Start of Task inputs

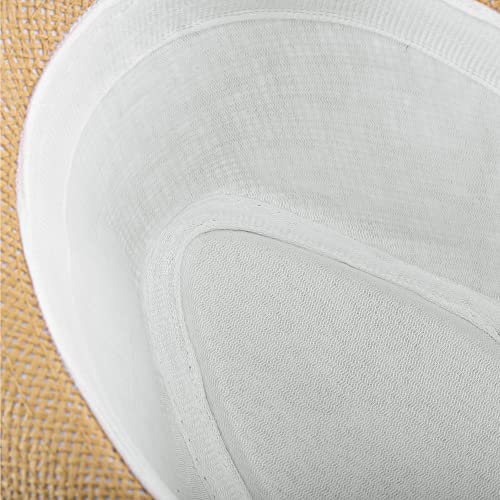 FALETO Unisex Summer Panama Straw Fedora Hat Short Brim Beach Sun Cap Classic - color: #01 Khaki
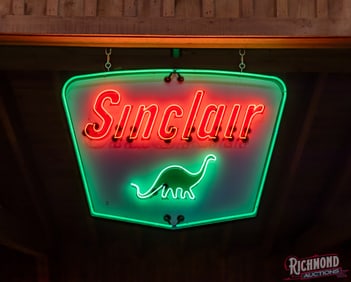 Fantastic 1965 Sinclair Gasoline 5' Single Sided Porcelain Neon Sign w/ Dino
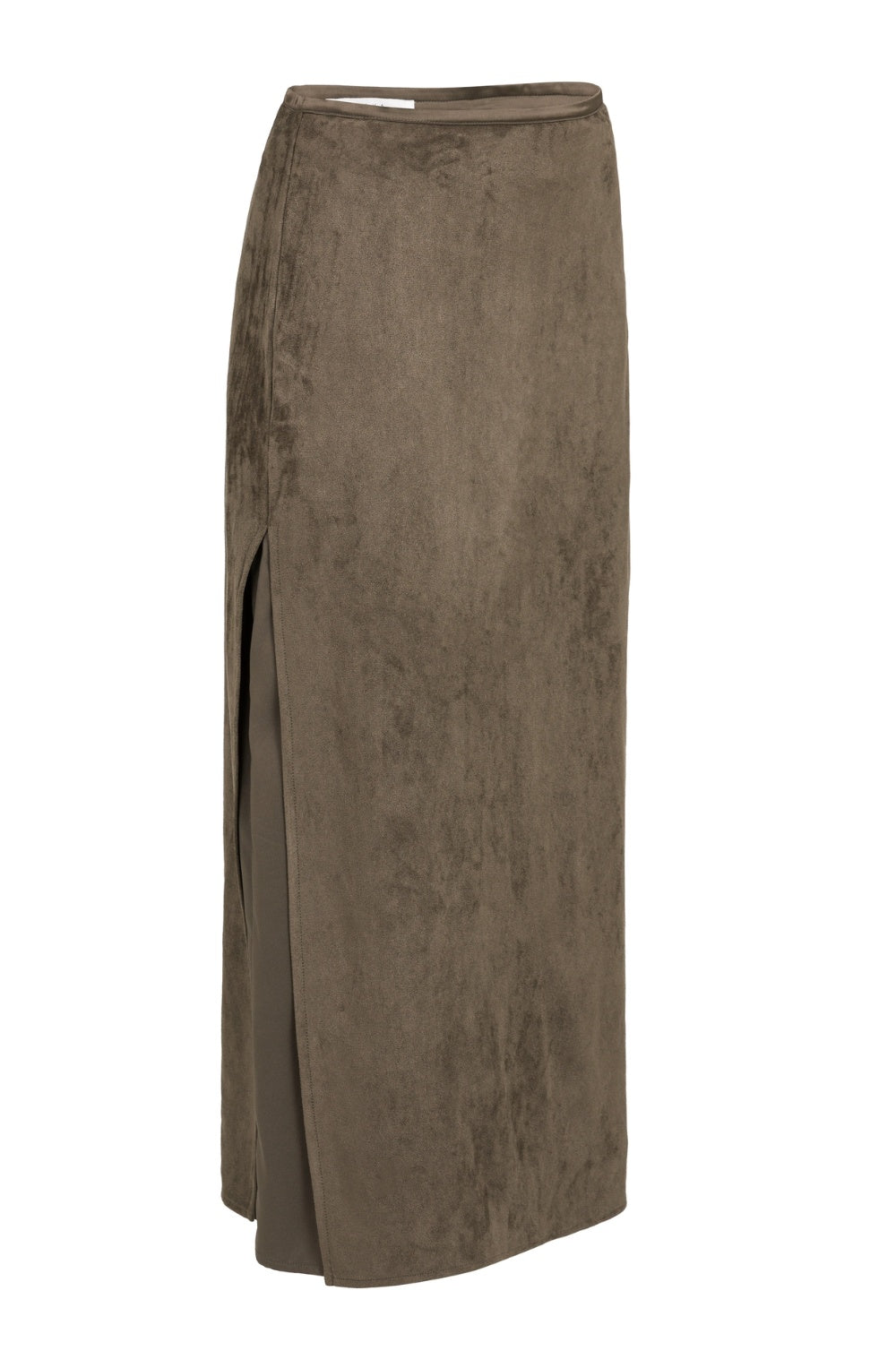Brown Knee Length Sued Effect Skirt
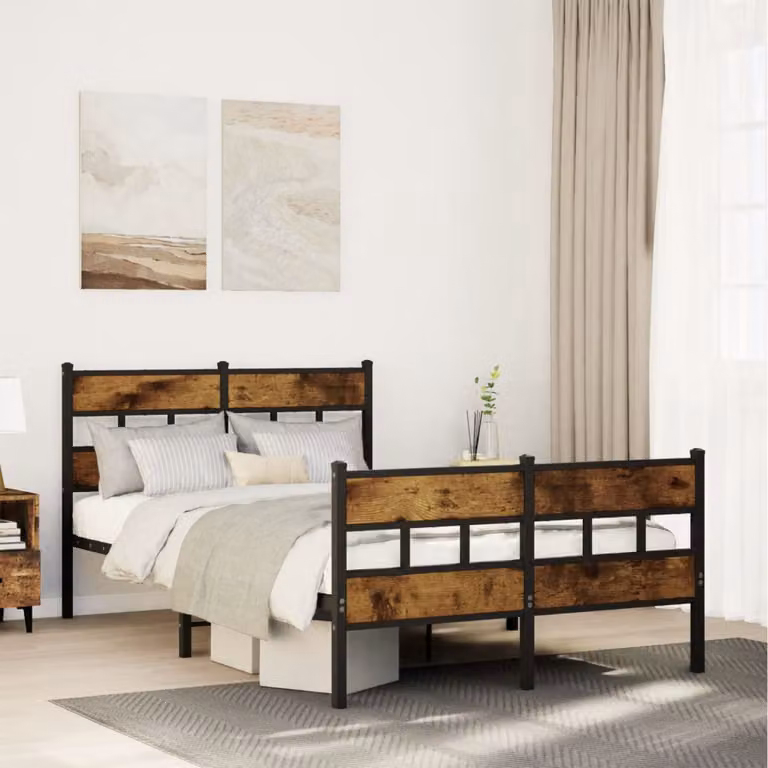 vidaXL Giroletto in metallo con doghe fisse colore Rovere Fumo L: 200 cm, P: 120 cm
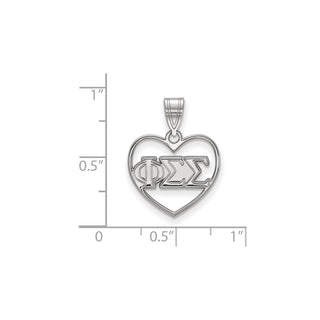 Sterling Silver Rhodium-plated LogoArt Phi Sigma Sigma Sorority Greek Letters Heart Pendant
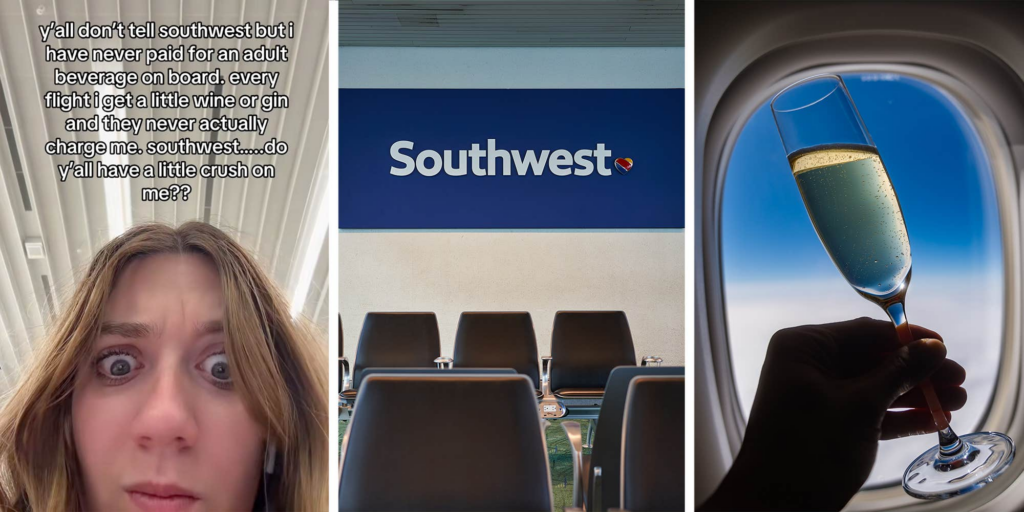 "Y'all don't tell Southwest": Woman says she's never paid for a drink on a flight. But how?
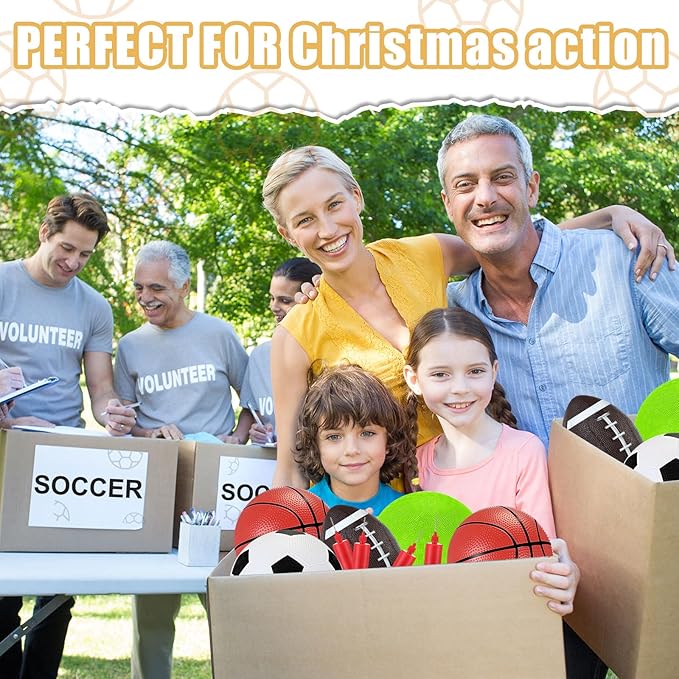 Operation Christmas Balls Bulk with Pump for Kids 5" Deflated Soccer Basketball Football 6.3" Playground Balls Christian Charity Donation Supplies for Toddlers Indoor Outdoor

End of Task inputs

# [Task goal]
Up to and including the last line of the listing, starting at the line with "vidaXL Giroletto in", extract every line exactly and leave out the pictures.

# [Solution to this exercise]
 vidaXL Giroletto in metallo con doghe fisse colore Rovere Fumo L: 200 cm, P: 120 cm
 Sterling Silver Rhodium-plated LogoArt Phi Sigma Sigma Sorority Greek Letters Heart Pendant
 "Y'all don't tell Southwest": Woman says she's never paid for a drink on a flight. But how?
 Operation Christmas Balls Bulk with Pump for Kids 5" Deflated Soccer Basketball Football 6.3" Playground Balls Christian Charity Donation Supplies for Toddlers Indoor Outdoor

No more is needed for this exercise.